Controller high availability
To ensure the high availability of deployed applications, the controller must itself be highly available. This necessitates the creation of additional controllers, all of which naturally reside within the 'controller' model. The initial controller becomes known as the master and automatic failover occurs should it lose connectivity with its cluster peers.
See Application high availability for the application side of things.
Overview
Controller HA is managed with the juju enable-ha
command. It does this by
ensuring that the cluster has the requisite number of controllers present. By
default, this number is three but the -n
switch can be used to change that.
Therefore, this command is used to both enable HA as well as compensate for any
missing controllers, as is the case if you enable HA and then remove one or
more controllers.
When a controller is provisioned, API server code is installed along with a MongoDB database.

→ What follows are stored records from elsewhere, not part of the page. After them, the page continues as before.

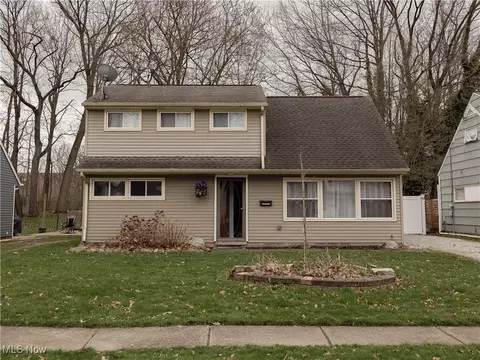 1150 Ruth Ave, Cuyahoga Falls, OH 44221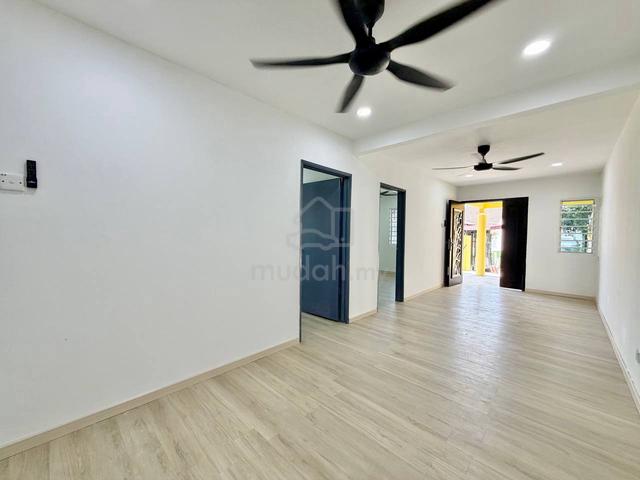 [Freehold Corner lot] - Rumah Refurbish 1 storey paling murah! 1
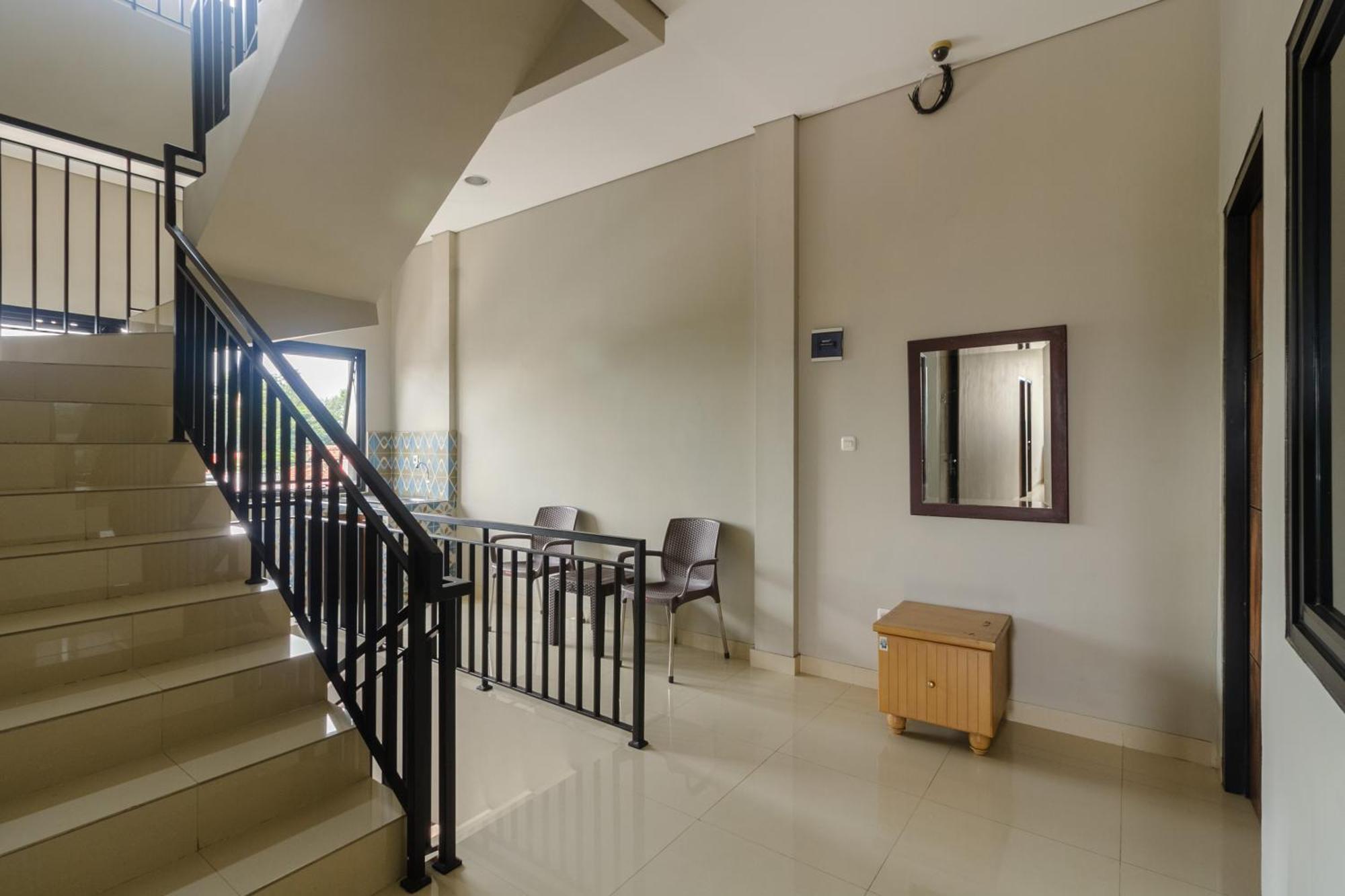Reddoorz Near Puri Indah Mall Jakarta Eksteriør bilde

The number of controllers must be an odd number in order for a master to be "voted in" amongst its peers. A cluster with an even number of members will cause a random member to become inactive. This latter system will become a "hot standby" and automatically become active should some other member fail. Furthermore, due to limitations of the underlying database in an HA context, that number cannot exceed seven. All this means that a cluster can only have three, five, or seven active members.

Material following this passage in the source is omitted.